Hey, thanks for the info, Sparky. What the hell, it's Ms. Hupkalesky's money...
Rachel Anne (now Rachel Anne Blochman)sent me a nice e-mail, and asked me to forward her opinion of it all, to wit: "Some people have a hell of a lot more money than brains."D
Clement Greenberg had this to say about "The Sticky Twig Man":
"Meanwhile, south of here, through the darkest wilds of a state known as New Jersey, two women have transposed the simple act of windfall branch gathering into an important new aesthetic, socially and historically speaking. Without attempting to justify their trangression of traditional plastic arts or for that matter horticulture, the Misses O'Donnel and Greenberg (no relation) have juxtaposed their endemic rejection of the bourgeois gallery system with a playful yet detached ideological struggle against said system. Unpropitiously situated in the City of Brotherly Love, they have maintained a high level of idiosyncratic flexibility in their presentation of a heuristic class struggle in the tensegrity enhanced form of "bundle o'sticks."
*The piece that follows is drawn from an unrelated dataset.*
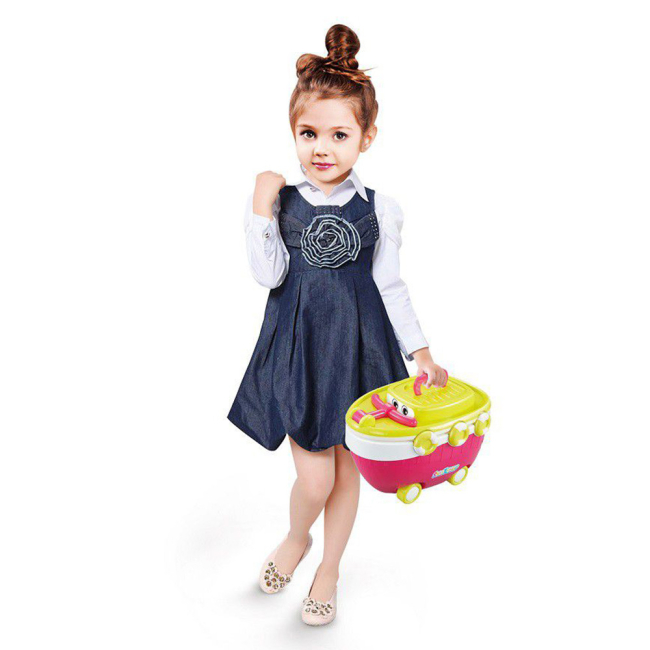 Наборы профессий - Игрушечный набор Shantou Jinxing Кондитерская тележка 38 деталей (668-43)#3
Clement Greenberg "got it".
Maybe I'm thinking of another "The Sticky Twig Man" but could it be that Ms. Hupkalesky had second thoughts or perhaps an inspiration or even a really good proposal before the piteous dismantling?
I have a lingering memory of "The Sticky Twig Man" greeting one and all to MOMA's second floor. During the sixties "The Sticky Twig Man" probably often occurred often as both artistic inspiration and promise of resin-rich smoking enjoyment.
I was planning to peep into the museums sometime this weekend so I'll be reporting back.
We eagerly await your report, Kathleen!
Thanks, Anon, and I hope you visit often!